Offended (Part 2)

Here’s the biggest difference between offense and provocation: Offense shuts out, isolates, and flees from, while provocation runs toward, invites in, and opens up.

 

An offended brother is more unyielding than a fortified city, and disputes are like the barred gates of a citadel (Proverbs 18:19 niv).

 

I wonder how the scene in Acts would have changed if Paul had become like a fortified city; if he had been unyielding and refused to engage people who lived a lifestyle that was contrary to his own. But he did not retreat. He did not bar the gates and keep others out. No, he worked hard to reason with those around him to convince them of the truth of Jesus.
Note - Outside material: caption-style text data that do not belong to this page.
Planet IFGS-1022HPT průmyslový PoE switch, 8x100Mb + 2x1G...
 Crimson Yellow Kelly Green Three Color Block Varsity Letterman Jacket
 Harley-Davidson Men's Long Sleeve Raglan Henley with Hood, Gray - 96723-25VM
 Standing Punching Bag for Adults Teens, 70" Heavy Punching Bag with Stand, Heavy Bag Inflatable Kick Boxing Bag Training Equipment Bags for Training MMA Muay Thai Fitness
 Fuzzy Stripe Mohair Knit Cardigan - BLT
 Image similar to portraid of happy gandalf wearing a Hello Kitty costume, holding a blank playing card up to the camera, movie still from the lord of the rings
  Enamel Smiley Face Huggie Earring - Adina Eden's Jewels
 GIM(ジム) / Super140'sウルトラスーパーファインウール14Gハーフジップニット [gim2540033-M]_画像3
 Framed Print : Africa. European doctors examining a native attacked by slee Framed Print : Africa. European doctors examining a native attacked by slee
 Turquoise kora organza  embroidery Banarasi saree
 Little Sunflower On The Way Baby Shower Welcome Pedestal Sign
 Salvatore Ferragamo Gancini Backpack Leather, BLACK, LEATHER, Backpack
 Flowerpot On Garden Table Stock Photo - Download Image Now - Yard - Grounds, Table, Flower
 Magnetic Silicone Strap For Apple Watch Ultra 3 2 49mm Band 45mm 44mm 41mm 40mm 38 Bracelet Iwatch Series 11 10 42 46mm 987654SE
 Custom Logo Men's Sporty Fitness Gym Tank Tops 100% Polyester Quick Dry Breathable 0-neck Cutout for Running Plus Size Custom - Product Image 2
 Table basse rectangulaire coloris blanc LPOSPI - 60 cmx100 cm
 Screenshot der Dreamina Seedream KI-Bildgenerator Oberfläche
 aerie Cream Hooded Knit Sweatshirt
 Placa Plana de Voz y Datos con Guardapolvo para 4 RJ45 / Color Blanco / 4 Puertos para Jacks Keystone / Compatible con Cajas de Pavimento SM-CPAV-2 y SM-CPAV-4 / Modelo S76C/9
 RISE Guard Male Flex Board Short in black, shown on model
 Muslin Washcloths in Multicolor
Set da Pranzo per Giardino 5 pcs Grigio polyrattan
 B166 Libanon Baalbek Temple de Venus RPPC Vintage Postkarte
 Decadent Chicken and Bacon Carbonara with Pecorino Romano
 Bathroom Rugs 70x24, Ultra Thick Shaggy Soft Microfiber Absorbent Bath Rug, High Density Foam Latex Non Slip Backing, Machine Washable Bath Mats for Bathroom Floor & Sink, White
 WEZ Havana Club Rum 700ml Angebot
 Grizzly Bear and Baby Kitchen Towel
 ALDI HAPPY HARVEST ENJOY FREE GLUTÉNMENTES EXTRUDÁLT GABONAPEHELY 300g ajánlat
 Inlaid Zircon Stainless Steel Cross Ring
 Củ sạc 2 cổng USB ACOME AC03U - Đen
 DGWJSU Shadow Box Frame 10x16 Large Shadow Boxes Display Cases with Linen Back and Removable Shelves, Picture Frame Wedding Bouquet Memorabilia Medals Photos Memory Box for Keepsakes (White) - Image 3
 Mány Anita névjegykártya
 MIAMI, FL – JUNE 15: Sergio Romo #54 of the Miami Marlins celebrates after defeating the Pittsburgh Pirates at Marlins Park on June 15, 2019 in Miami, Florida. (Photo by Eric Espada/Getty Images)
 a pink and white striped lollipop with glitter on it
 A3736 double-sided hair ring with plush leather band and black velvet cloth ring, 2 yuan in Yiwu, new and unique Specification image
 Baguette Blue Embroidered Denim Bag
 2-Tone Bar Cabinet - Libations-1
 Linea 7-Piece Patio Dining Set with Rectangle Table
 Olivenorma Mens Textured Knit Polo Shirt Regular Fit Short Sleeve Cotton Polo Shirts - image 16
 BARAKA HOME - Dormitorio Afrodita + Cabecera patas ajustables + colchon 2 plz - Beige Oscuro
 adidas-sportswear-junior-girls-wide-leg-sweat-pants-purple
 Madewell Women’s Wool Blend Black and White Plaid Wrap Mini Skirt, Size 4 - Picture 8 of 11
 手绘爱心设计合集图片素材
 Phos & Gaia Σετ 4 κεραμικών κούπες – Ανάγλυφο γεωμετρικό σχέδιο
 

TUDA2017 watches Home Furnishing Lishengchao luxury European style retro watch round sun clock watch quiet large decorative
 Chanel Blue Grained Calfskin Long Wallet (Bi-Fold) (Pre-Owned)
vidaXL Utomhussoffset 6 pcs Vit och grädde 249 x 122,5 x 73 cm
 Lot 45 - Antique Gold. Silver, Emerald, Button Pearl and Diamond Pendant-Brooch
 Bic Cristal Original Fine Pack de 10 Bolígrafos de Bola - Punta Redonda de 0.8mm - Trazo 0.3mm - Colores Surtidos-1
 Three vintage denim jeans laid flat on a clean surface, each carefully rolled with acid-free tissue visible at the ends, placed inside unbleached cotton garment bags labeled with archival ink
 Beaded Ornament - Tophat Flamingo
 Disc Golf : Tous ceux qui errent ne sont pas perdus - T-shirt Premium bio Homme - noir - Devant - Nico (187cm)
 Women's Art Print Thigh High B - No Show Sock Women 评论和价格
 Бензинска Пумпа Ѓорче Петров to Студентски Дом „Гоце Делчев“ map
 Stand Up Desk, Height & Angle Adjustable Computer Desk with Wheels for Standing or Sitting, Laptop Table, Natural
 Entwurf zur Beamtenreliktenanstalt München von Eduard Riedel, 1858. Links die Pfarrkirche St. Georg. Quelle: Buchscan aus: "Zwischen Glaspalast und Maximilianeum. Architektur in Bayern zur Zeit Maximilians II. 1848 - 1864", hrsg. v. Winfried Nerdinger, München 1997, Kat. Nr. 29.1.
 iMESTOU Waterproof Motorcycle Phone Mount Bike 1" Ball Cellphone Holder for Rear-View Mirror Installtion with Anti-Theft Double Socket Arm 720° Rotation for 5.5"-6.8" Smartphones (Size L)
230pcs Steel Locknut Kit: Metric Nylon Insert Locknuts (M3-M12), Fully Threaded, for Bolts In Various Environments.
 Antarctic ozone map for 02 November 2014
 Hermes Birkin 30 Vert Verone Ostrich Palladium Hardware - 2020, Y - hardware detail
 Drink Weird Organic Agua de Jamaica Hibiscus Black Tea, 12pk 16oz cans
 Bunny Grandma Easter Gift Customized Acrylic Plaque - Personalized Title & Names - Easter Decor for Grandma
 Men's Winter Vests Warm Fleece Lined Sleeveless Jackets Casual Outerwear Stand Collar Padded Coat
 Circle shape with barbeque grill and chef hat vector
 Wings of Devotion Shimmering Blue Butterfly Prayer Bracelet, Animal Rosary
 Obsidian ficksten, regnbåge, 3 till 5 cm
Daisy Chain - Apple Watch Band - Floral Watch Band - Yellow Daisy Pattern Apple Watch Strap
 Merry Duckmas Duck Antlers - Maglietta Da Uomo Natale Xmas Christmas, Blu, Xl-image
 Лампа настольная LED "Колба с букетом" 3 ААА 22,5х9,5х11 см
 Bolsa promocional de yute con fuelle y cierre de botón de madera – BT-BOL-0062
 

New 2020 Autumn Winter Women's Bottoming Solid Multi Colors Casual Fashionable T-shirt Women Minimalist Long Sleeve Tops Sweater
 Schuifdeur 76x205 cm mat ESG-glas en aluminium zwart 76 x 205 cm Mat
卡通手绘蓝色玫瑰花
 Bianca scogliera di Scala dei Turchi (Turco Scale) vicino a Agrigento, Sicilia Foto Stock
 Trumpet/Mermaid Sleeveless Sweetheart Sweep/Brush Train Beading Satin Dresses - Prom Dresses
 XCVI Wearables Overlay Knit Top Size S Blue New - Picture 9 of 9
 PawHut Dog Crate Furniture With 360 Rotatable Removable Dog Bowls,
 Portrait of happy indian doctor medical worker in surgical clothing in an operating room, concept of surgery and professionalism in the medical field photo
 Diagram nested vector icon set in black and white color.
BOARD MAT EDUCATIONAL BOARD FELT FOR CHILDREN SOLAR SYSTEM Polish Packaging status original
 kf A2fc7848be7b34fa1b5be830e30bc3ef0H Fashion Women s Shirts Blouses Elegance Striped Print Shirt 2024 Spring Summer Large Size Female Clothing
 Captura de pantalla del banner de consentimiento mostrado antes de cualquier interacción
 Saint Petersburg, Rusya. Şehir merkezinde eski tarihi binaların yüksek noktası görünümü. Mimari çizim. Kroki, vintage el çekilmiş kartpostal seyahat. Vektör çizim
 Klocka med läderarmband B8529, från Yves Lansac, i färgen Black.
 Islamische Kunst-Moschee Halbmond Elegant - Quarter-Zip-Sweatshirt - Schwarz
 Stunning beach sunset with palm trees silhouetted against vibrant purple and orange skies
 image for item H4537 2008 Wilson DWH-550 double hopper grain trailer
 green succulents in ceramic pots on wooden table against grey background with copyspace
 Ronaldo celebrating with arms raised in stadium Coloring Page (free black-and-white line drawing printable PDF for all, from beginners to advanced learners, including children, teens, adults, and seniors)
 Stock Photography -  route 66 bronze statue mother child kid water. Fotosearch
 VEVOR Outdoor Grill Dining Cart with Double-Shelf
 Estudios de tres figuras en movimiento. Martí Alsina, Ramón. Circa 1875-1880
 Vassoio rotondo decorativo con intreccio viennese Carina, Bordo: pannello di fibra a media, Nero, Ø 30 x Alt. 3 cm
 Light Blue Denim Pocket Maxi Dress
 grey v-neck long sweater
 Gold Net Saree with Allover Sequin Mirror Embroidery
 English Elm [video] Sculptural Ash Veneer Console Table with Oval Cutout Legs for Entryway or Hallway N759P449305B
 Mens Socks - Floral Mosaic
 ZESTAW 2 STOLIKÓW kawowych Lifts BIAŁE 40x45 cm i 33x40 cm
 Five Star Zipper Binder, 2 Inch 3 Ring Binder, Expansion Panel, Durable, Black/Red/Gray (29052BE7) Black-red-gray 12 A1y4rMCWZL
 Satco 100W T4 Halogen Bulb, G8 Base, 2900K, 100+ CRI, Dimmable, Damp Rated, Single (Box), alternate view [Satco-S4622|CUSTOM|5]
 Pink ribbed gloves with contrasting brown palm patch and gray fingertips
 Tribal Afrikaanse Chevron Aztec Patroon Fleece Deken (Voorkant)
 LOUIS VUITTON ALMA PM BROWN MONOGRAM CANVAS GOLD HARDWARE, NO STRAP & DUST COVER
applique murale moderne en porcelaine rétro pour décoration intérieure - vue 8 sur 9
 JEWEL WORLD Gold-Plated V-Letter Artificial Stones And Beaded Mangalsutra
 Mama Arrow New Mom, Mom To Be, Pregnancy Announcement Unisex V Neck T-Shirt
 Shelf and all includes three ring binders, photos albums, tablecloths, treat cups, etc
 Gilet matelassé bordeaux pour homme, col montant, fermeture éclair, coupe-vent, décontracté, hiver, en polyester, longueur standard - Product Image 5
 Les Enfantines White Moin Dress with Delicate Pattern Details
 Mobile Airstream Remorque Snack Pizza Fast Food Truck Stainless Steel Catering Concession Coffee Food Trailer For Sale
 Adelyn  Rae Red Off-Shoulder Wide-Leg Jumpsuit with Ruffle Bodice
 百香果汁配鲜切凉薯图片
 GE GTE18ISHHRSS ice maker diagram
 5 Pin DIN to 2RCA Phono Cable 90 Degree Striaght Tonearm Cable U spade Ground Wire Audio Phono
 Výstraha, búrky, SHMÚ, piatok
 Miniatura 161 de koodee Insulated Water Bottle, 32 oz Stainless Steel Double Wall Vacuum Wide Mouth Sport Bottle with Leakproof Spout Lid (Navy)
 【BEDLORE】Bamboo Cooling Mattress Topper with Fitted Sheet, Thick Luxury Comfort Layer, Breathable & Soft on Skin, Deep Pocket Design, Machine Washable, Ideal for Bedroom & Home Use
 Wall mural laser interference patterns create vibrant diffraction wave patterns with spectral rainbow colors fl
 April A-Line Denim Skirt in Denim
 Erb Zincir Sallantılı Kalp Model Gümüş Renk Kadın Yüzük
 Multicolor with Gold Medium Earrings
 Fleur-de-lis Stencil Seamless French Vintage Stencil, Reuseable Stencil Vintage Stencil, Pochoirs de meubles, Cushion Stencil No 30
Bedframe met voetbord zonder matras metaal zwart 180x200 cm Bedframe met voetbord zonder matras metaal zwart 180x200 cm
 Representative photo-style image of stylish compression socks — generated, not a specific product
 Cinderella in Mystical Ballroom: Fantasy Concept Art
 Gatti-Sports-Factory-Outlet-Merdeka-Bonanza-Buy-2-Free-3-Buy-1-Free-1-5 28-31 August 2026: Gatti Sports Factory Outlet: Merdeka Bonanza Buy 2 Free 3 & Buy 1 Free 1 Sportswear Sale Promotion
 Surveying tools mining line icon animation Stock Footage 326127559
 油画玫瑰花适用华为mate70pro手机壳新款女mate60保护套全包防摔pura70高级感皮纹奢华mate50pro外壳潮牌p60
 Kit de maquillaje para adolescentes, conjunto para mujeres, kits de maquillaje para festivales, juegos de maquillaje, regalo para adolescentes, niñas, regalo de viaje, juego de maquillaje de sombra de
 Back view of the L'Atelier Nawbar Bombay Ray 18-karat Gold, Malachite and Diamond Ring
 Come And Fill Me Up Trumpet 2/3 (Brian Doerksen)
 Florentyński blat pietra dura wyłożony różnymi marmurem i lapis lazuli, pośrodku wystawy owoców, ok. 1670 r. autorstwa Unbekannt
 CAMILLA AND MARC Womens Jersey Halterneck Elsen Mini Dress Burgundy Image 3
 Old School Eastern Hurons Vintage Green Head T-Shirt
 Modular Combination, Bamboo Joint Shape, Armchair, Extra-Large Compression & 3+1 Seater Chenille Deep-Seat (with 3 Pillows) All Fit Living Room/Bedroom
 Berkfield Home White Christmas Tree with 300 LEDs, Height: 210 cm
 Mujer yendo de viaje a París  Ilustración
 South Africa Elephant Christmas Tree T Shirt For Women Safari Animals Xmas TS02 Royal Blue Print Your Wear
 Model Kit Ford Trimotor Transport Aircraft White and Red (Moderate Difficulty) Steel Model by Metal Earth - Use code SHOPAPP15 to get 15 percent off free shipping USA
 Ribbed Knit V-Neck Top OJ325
Offense is counterproductive to the gospel. It builds walls too high for people to climb. When we focus on offense, life becomes more about a set of rules and regulations— doing this and not doing that. The gospel is all about relationships:

 

Let us therefore make every effort to do what leads to peace and to mutual edification. Do not destroy the work of God for the sake of food. All food is clean, but it is wrong for a man to eat anything that causes someone else to stumble. It is better not to eat meat or drink wine or to do anything else that will cause your brother to fall.

So whatever you believe about these things keep between yourself and God. Blessed is the man who does not condemn himself by what he approves. But the man who has doubts is condemned if he eats, because his eating is not from faith; and everything that does not come from faith is sin (Romans 14:19-23 niv).

 

Ironically, this very passage that is so often used to condemn behavior that many Christians find offensive is really dealing with a relational reality of not leading other believers into sin. The offense then, in this context, is directed toward God. Paul is not talking about offending someone else or being offended by the actions of another, his is speaking to these believers about how they are to love one another.

Love each other. Don’t lead, intentionally or unintentionally, another person into anything that will offend God.